According to the value system associated with historical monuments, Riegl determines two main categories: „commemorative-values” - specific qualities that establish a historical monument as such, and „present day values”, where he distinguishes between „artistic value” - related to his concept of Kunstwollen, along with its components, „the newness value” and „the relative artistic value” (which I would call „the trend of the times”) - and the use-value. The aforementioned are given less importance than the age-value. Still, the newness value and the use-value become very active when it comes to integrating an old building in contemporary life. Moreover, they are often in clear opposition with other specific patrimonial values, like historical value or age-value30.
As a result, Riegl’s analysis reveals that a historical monument is, on one hand, classified as such through a set of memory-related cultural functions typical of our modern period, such as age, historical evidence and its importance for art history or the sense of identity. On the other hand, the same historical monument is seen as the recipient of a set of values belonging to the ever-present, hence to our times too. This is the case with the utility of the architectural object and its beauty - determined by who knows what transient fashion criteria – its integrity and its novelty. The dialectic contradiction between these different components converging in the nature of the monument has come a long way since Riegl’s time, occasionally echoing incompatibility. The phenomenon seems to support the theory based on the deepening of that „Unbehagen” feeling, as Freud put it, typical of European contemporary societies - whether late modern or postindustrial etc. - in general, and of their architecture, in particular. Any conservatory or restoration approach must cope with this ambiguity of the built heritage when searching for the best solutions to a given problem.
The principles of such a flexible approach on conservation matters are contained in what is currently called „integrated conservation”.

Epilogue
Apart from its manifold technical implications, built heritage integrated conservation means ensuring the functioning of historical monuments as inhabited edifices while preserving their valuable features, a status which enables them to be classified as cultural heritage items and to be protected as such.
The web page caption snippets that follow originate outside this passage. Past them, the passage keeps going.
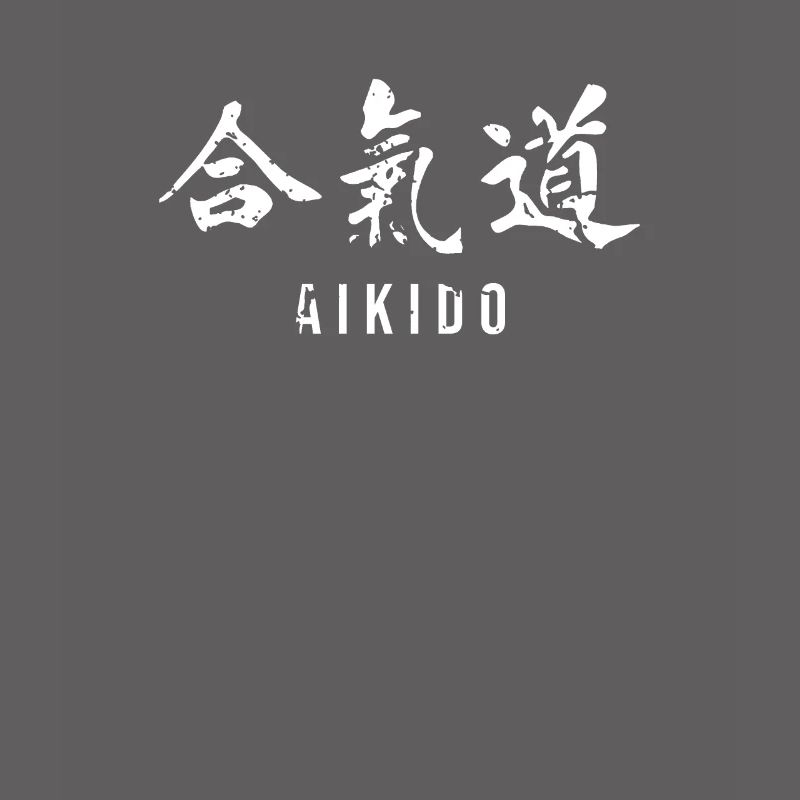 Maître aïkido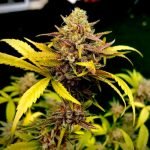 Gunslinger Marijuana Strain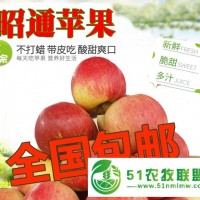 云南糖心蘋果 昭通現(xiàn)摘蘋果 爽口多汁不打蠟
If we fail to maintain this fragile balance, all we will get is either the preservation of a beautiful empty shell of an architecture abandoned by its inhabitants, or precisely the endangerment of these modern values - be they aesthetic, historical or memorial - that classification aimed to preserve in the first place.
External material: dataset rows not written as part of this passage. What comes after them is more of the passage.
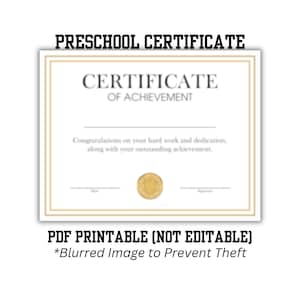 Leistungszertifikat Professional PDF | Modernes Design | Printable Auszeichnung | Sofortdownload | Einfach ausdrucken und ausfüllen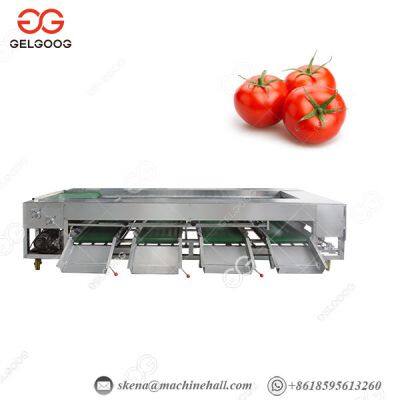 Fruit and Vegetable Processing Machine Tomato Washing Machine Pear Grading Machine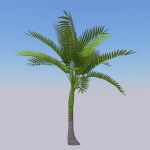 View Larger Image of King Palm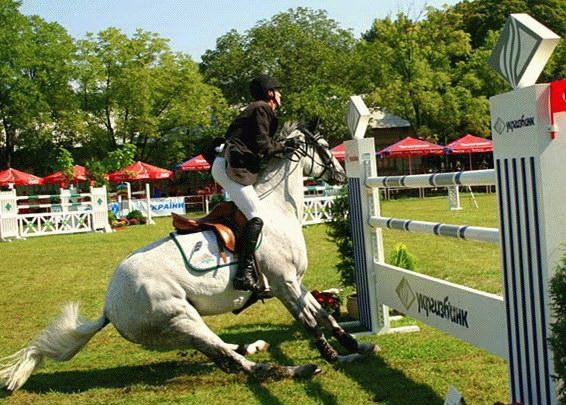 Всяко-разно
Indeed, the issue is of the utmost topicality. As all its conceptual, technical or economical difficulties are far from being solved, cultural heritage has to face new dilemmas on account of various social and anthropological factors and, even more acutely, its overexpansion in the last decades of the 20th century. The way out of this deadlock can be found in a more general approach smoothened by the methods and concerns of ecology. It stands to reason that nothing of the erudition, experience and technical expertise acquired over the course of the almost six centuries since the invention of the historical monument should be lost. The lucidity of the professionals and the public alike paired with a comprehensive and complex approach of the field corroborating different sectors of knowledge and skills would be enough to transfer our patrimonial concerns onto the somewhat more generous and profitable field of environmental contextualism. In this respect, building anew and monument conservation could converge within a reformulated building competence.
NOTES
1 The present article is the revised form of the text published in Arhitectura no.23/2004. It draws on the conference held in Budapest during a research grant awarded by the Special and Extension Programs within Central European University. The opinions expressed in the text belong solely to the author and do not necessarily reflect the position of CEU.
2 The concept will be used in accordance with the elaborated meaning coined by Françoise Choay in her book The Allegory of The Heritage, Simetria Publishing House, Bucharest, 1998.
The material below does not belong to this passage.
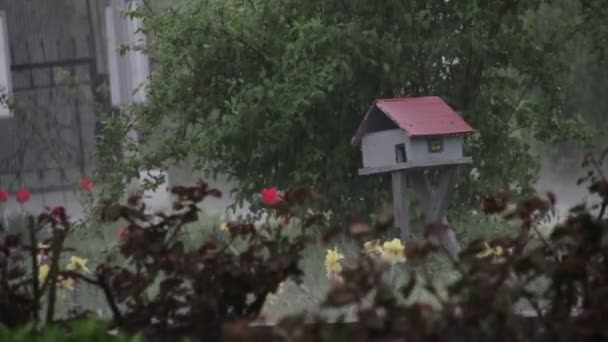 Lluvia cayendo duro en el parque en la pequeña casa de madera — Vídeos de Stock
3 In this article, the term „modernity” will be used in the broader sense (1a, 1b, 2, 3), as defined in Webster’s Ninth New Collegiate Dictionary. MODERN adj. 1a: of, relating to, or characteristic of a period extending from a relevant remote past to the present time b: of, relating to, or characteristic of the present or the immediate past: CONTEMPORARY 2: involving recent techniques, methods or ideas: UP TO DATE 3 cap: of. relating to or having the characteristics of the present or most recent period of development of a language - modernity n. - modernly adv. - moderness n.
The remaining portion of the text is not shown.